Not all that much later, I was left to care for Theo, the new baby. As soon as she finished her bottle, she started to spit up all over me. Fretting, I walked the floor not knowing what to do.

So I called my mother. Quite tickled, she laughingly assured me there was nothing to worry about. Then she laughed again.

Watching the three kids playing, ages 2, 4, and 6, their mom pregnant with a fourth child due this summer, I remembered that day, walking the floor, uncertain and unmoored. Yet overwhelmed, I was certain that by then I knew who I was and where I was going. I didn't. Just a child, I really knew nothing at all.

Decades passed, moments resonated with that past. While a student at Brown in Rhode Island, John Davis visited Austin. After graduating, he formed Folk Implosion with Lou Barlow. After that, during one long SXSW night, the remarkable Deb Pastor reminisced about when road managing the Lemonheads, Evan Dando initiated a careening van ride through Boston, insisting on visiting his high school, where the band first played, to visit a beloved teacher, Eric Davis.

Over the years for me the culture has lost not just potency but meaning. This not because it offers less but because after so many years engaged, I am without appetite.

"Once you've given up the ghost, everything follows with dead certainty, even in the midst of chaos" is Henry Miller's opening sentence of Tropic of Capricorn. Having all but given up already, after the election there was little left. If I had not mostly given up already, I would have after the election.

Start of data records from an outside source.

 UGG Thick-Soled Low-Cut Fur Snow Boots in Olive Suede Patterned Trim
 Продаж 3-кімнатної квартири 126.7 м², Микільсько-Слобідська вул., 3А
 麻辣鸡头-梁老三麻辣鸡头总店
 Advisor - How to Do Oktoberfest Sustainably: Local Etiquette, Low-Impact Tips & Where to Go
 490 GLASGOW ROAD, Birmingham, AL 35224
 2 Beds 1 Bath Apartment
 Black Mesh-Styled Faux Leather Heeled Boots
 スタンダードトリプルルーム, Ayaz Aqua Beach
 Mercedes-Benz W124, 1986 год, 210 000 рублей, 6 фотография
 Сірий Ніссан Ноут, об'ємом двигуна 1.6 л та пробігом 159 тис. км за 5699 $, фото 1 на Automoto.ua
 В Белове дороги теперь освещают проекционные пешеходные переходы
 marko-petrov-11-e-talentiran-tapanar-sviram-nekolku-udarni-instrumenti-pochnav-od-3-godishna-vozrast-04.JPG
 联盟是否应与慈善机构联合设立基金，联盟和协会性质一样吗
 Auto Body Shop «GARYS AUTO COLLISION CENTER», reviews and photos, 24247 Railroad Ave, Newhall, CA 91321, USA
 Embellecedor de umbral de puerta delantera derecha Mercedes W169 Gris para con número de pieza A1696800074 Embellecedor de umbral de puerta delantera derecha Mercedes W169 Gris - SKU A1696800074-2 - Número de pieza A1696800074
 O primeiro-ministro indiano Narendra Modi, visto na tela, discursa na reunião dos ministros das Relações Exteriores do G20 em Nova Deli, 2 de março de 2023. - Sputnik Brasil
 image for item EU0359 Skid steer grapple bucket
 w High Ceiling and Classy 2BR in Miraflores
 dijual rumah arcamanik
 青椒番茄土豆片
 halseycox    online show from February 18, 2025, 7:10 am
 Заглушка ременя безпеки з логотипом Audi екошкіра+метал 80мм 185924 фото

The tastes gone from even the most reliable pleasures. Listening to "Pancho and Lefty" recently, I realized how flat and lifeless it sounded, saddened that I would never hear it again with the deep resonance it offered for so long. And even then, it was never quite as extraordinary as the first time I heard it performed, by Townes Van Zandt at Castle Creek.

A week later, Sandy and I were visiting a film shooting in Louisiana, where extras sat at a bar far from Austin, though designed to look like a mid-Eighties Austin club.

The scene was of a too-wasted musician who, while performing, had forgotten both words and music. Lost he sat there.

Then a friend lumbered up behind him, leaned into the mic to sing a verse loud and true. He left the stage as soon as he led the performer back to the song.

The past enacted in the present evoked a déjà vu. The song and performance achieving an emotional immediacy that transcended the film. My eyes filled with tears, more from the power of what was happening than because of a past recalled. Beyond detail and feeling, I remembered not just the past but how to believe. Until I again believed. Magic was alive, poetry afoot, music again the kindle for igniting desire.

Days later by the ocean, I watched as the children played. Watched as the child I once was, as a stranger, a parent, and a member of the family. Once I was lost but now was found, been blind but now could see.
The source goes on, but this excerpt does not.